Sunday, May 6, 2012

Textures - Dualism

Nuclear Blast Records

Although I’ve enjoyed Netherlands act Textures’ past releases, I couldn’t help but feel that despite their best attempts, the band were still unable to shake off their Meshuggah clone status, even if they did make every attempt to broaden their musical influences as far as they could.
Since the release of 2008’s ‘Silhouettes’, the Dutch act have undergone some big changes, with vocalist Eric Kalsbeek and keyboardist Richard Rietdijk parting ways with the band midway through 2010. The news was met with concern amongst some fans that the band would struggle to bounce back from such huge shifts within the band’s line-up.
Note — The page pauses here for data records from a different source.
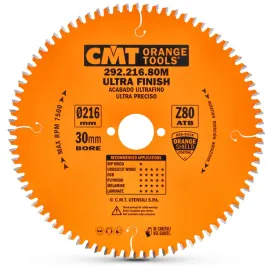 tarcza-do-ciecia-drewna-poprzecznego-pila-tnaca-216x30mm-292-216-80m-cmt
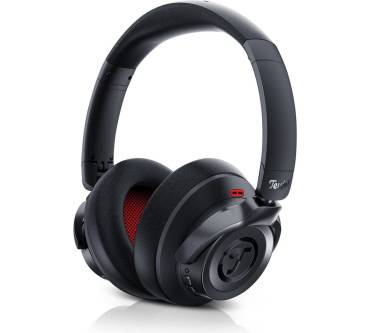 Produktbild Teufel Real Blue NC (2020)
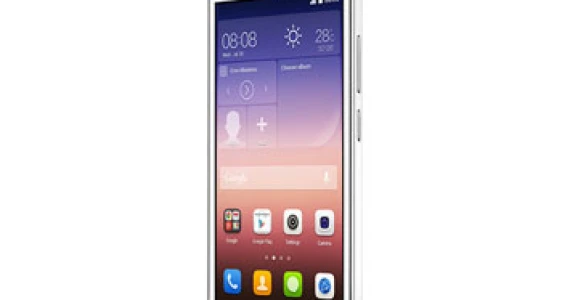 รูปภาพ หัวเหว่ย Huawei-Alek 4G (G620S)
But with the addition of vocalist Daniel De Jongh (Ex-Cilice) and keyboardist Uri Dijk (Who’s also a member of melodic death metal act Ethereal) to the fold (Who still comprise of guitarist/vocalist Jochem Jacobs, guitarist Bart Hennephof, bassist Remko Tielemans and drummer Stef Broks), and appearances at some European festivals to reintroduce the newly revamped band to fans, the future looked a little more promising.
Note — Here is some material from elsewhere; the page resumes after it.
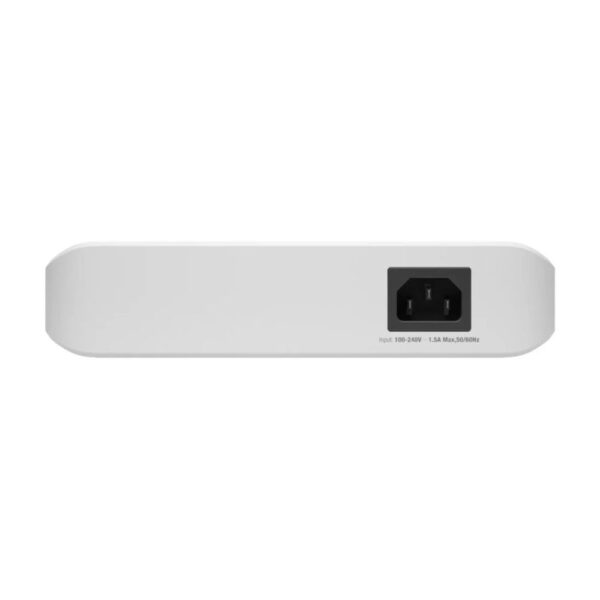 Ubiquiti 16Ports 45W Lite PoE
Three years after the release of their less than stellar ‘Silhouettes’, Textures are back with their fourth full-length effort ‘Dualism’. And my, haven’t the band changed for the better.
The first thing you notice about the opening track ‘Arms Of The Sea’ is the vastly improved production values this time around. Every instrument seems to have its place in the mix, and the cinematic sound of them all coming together as a whole sounds so much better than anything released from the band. Outside of production, it’s Textures’ complete overhaul on the song writing front that hits you immediately. Yes, some of the band’s Meshuggah-like riffing is still present, but it’s been toned down heavily to allow a greater sense of atmospherics to broaden the sound. The third thing to really stand out is Jongh and his vocals. He not only exceeds on the aggressive vocal front (He sounds less metalcore than Kalsbeek), but the greater input of clean vocals give the band a completely different sound, with the huge choruses rising above the controlled chaos of the music below. Simply put, ‘Arms Of The Sea’ is something Textures had always promised in the past, but been unable to deliver until now.
The follow-up track ‘Black Horses Stampede’ is again something completely unexpected from the band with the aggression toned down to make way for a greater atmospheric and progressive vibe. But despite the lack of upfront guitars in the mix, the band still belt out plenty of huge riffs and Jongh’s mix of aggressive vocals and stunning clean melodies is delivered to absolute perfection.
‘Reaching Home’ is a real stand out with Jongh sticking wholly to clean vocals with huge catchy choruses throughout with a dense Meshuggah-like and epic riff structure unpinning, while tracks such as the dual tempo nature of ‘Sanguine Draws The Oath’ (Both melodic and aggressive in equal measure), ‘Consonant Hemispheres’ and the masterfully constructed ‘Stoic Resignation’ only reinforcing the obvious – Jongh’s performances and abilities to craft stunning chorus structures and range on the vocal front is a huge addition to Textures development forward.
Elsewhere, tracks such as the post-rock like instrumental ‘Burning The Midnight Oil’, the technically inclined metalcore battering of ‘Minor Earth, Major Skies’ and the majestic ‘Sketches From A Motionless Statue’ (which is preceded by the short interlude ‘Foreclosure’) only reinforce the notion that Textures have blurred the lines and have the capabilities of experimenting beyond their sound and direction of the past.
Textures have failed to really deliver anything that I would consider essential in the past, but with ‘Dualism’, the band finally have me sitting up and taking notice. As far as I’m concerned, this is Textures finest moment, and the one album that really delivers on the potential they always had but was unable to really explore with their former line-up.